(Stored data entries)
= = = =

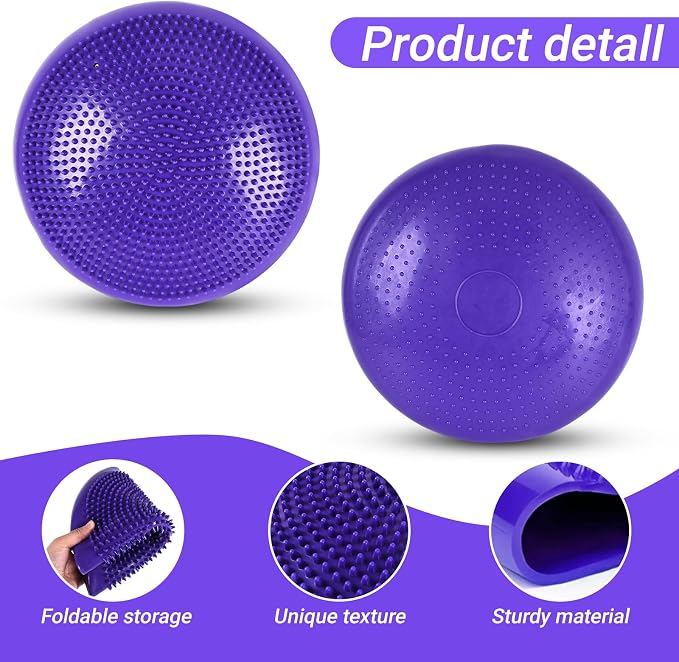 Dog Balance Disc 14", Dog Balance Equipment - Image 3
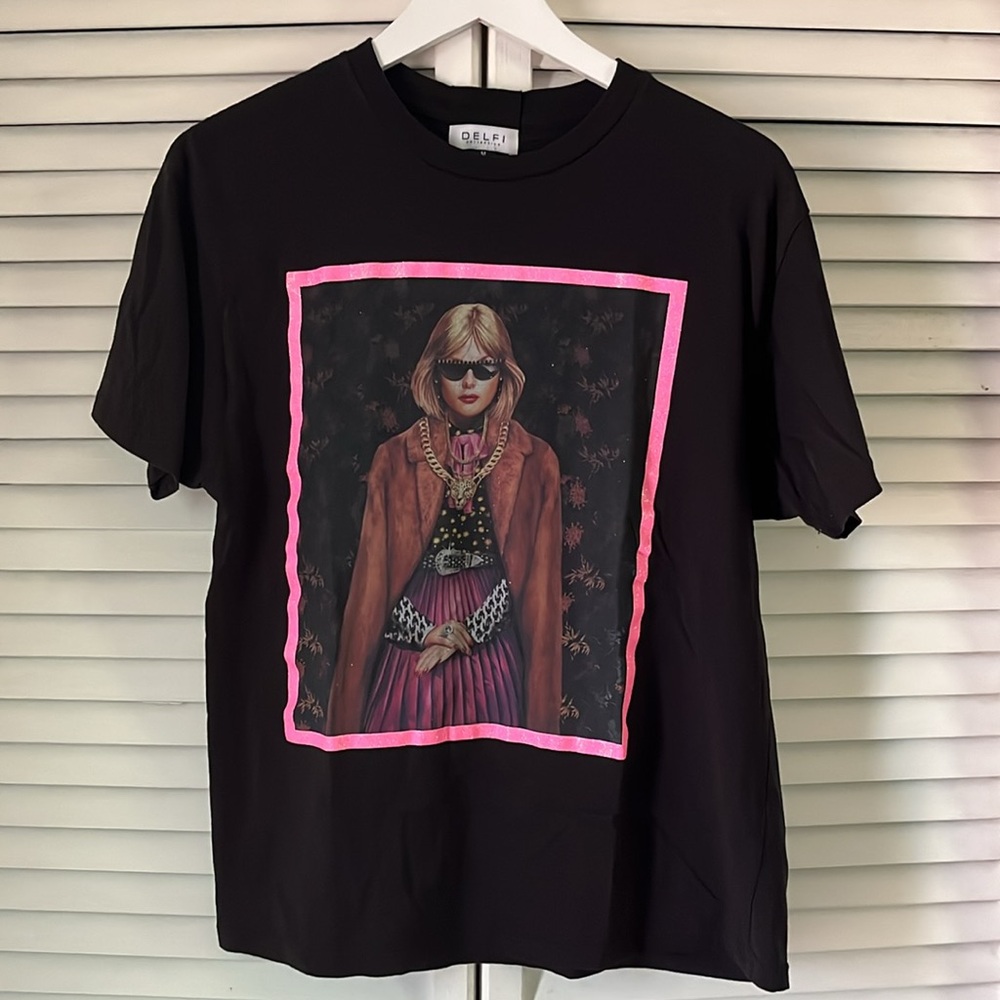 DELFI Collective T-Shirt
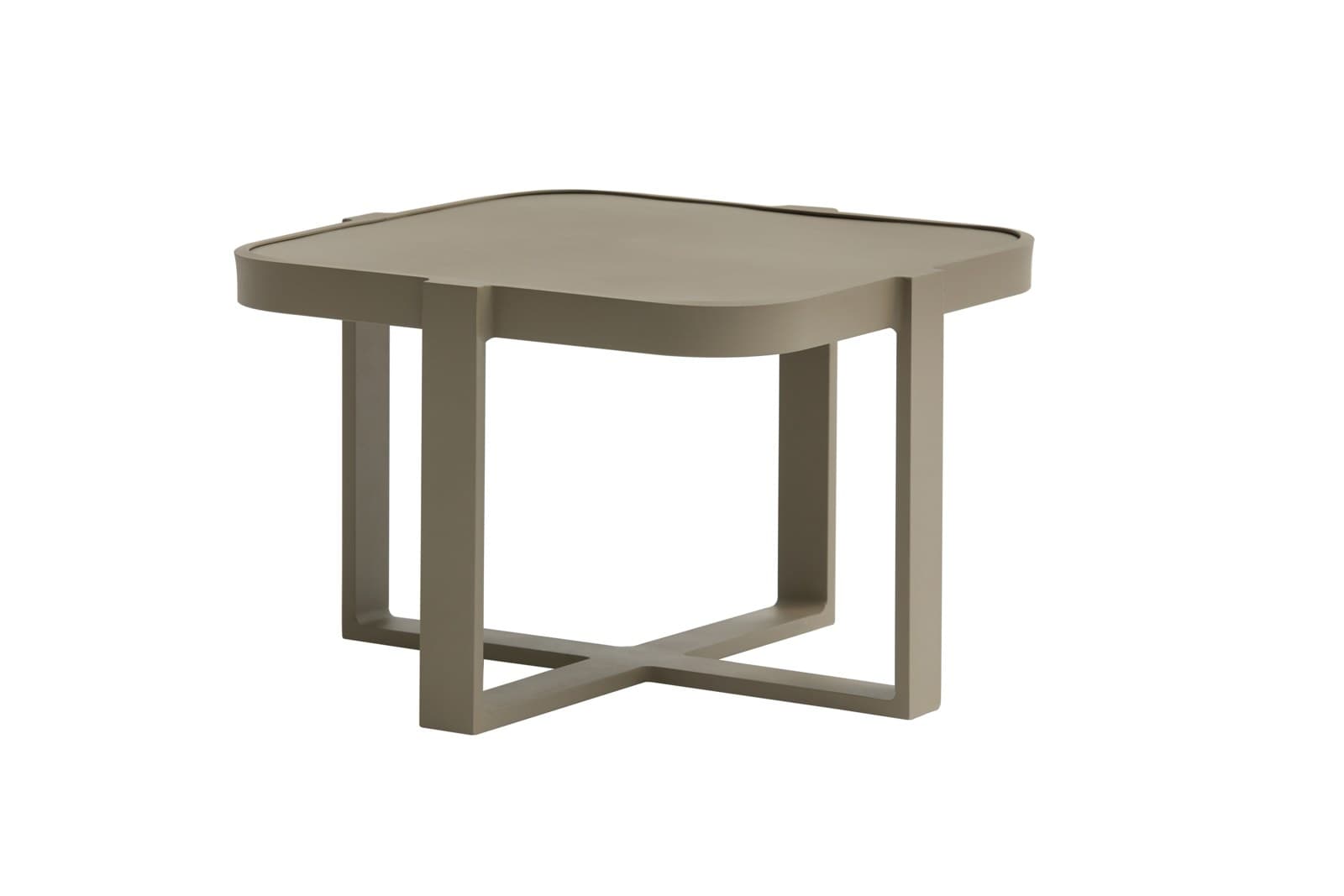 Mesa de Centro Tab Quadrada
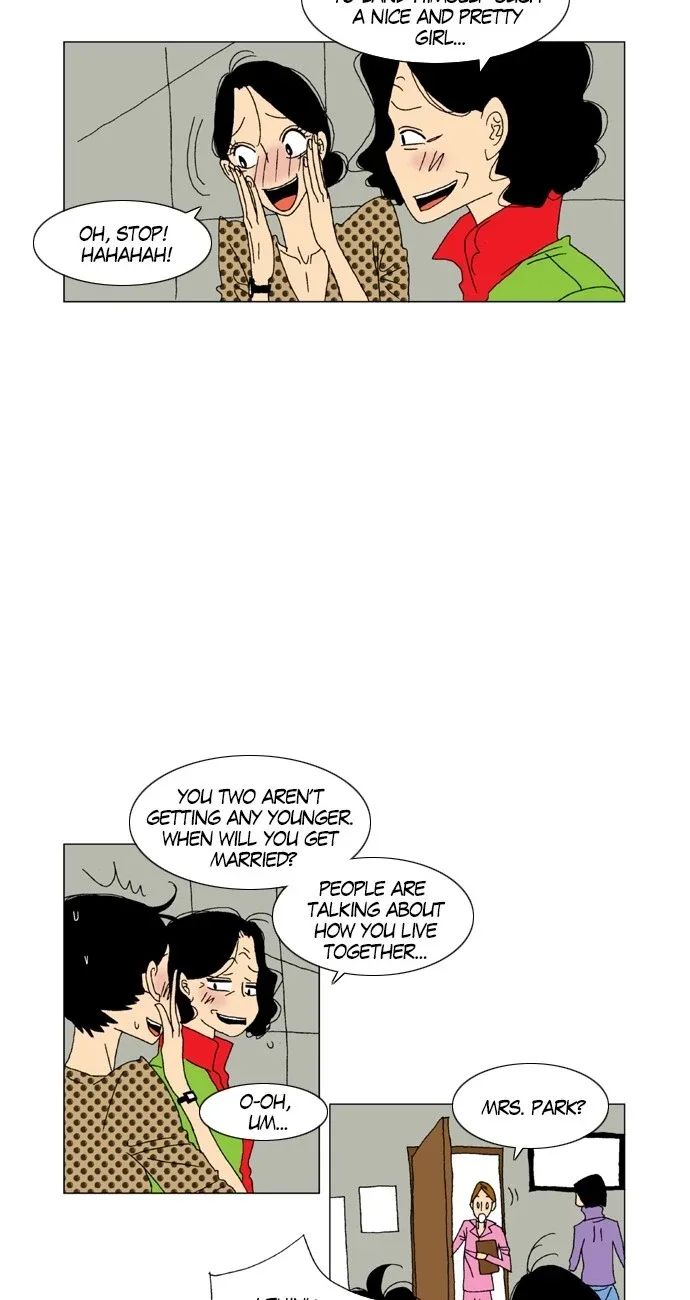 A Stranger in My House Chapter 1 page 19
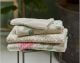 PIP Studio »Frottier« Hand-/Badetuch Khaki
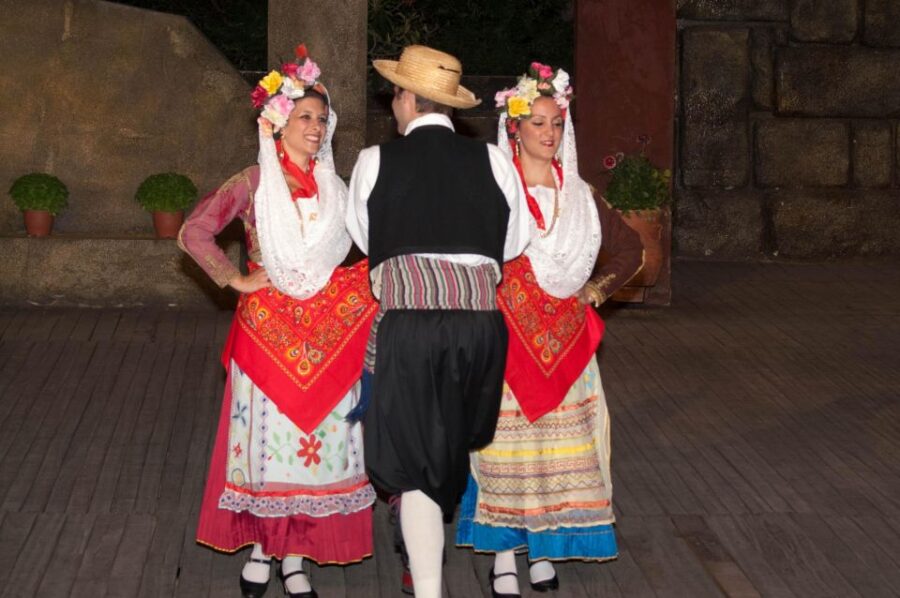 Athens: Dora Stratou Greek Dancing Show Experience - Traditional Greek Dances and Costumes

= = = =

What the task requires:
Once you find the line that contains "Mesa de Centro Tab Quadrada", give it again along with every later line through the end of the data, word for word, minus the pictures.

Expected answer:
 Mesa de Centro Tab Quadrada
 A Stranger in My House Chapter 1 page 19
 PIP Studio »Frottier« Hand-/Badetuch Khaki
 Athens: Dora Stratou Greek Dancing Show Experience - Traditional Greek Dances and Costumes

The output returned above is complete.